In chess, a "blunder" is when the player gives an advantage to the opponent without reason. For example, trading a queen for a bishop.

Two days ago, Sunday 05/27 I wrote some deep shit in my notebook before sleep. Things like "I know I'm buying a lie but I don't know any better".

This probably will be the crappiest journal I've ever made since I started journaling reboots. But this one will work.

I drink too much coffee. I play games too much, I don't exercise, my self-worth is the lowest, I have hatred towards my own person, because I hate the way I behave.

I've been doing blunders in work, I've been doing blunders in chess, I've been doing blunders against my own plans. I've blundered life.

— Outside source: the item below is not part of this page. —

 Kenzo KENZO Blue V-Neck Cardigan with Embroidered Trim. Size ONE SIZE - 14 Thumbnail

A few days ago I decided to give up again. Only to find myself missing my discipline and self worth I had during NoFap. The strangest thing: when I PMO I think of the way I behave when I don't. And when I don't PMO, I am constantly thinking about girls, lingering for games or wanting to waste my time on some useless shit.

So I gave up. I spent real bucks on that game. The one that triggered me a lot to PMO. I made a decision on impulse. Let's let that money as thrown away before I lose even more.

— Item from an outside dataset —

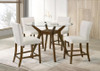 Paxton 5-piece Round Glass Top Counter Height Dining Set Beige / CS-122178-S5BGE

Look, I relapsed Friday, 05/25/2018 and it took me only 4 days to see that PMO is not the solution. I PMO today to my best hentai and it was... how can I put it... Uninteresting?

I think I missed it, but I didn't miss PMO that much? I gave in to rationalizations in my mind, and let my impulses control me again to do something I committed to not doing and that I didn't really wanted to do. Lies.

Yesterday I knew for a fact that a girl I've been fancying is onto someone else. I was thinking of asking her out. I guess that's not happening. While I was thinking, someone else was acting.

The best advice I have in life I got from an eroge. "A man has to be all about action". It's time I start to read some serious books to have proper and well thought advice on my life.

When I was a 12 year kid my church mentor asked what everyone wanted from life. Someone said something stupid like "money" and everybody followed, I was the only of a group of 8 boys who said "wisdom". I, with 12 years wanted to be a sage. Well, let's follow that path and see where it leads me?

PMO? Games? What a joke! That's so cheap! That's not life!

I didn't PMO to the game anyway, but I don't know if I'll still play that game. Quitting game is the hardest of everything. I watched real porn today and was turned off by it. Disgusting. But somehow I can't quit games and playing games always lead me to hentai?!

My best shot is with chess. A neutral game. No naked women figure.

I want what I'm struggling for 2 years to achieve. 90 days PMO-free. Every time I said I don't really want it is a lie. I want it. I committed to it. Everything else is a lie. It took me only 4 days to figure that PMO is not an option anymore in my life. My eyes are open, I can't comfortably sit in the dark and fap and hold my breath like a ridiculous homunculus anymore. Holding my screams so nobody hears it. So pathetic.

I just wanted to get this off my chest before I sleep. I'm not sick or anything. If I sleep well and eat well I don't feel that bad after PMO, even though that energy would and shall be more well employed with regular exercise. My body is ugly and nobody is seeing if my penis is fit. It's uglier by the day. Let's give it a rest and exercise other parts of my body.

I will keep counting the days but I will loosen a bit on posting here. It doesn't have to be daily. Once a week should be enough, but I can post whenever I want. This is better than setting up a too rigid schedule that I know will demotivate me to continue.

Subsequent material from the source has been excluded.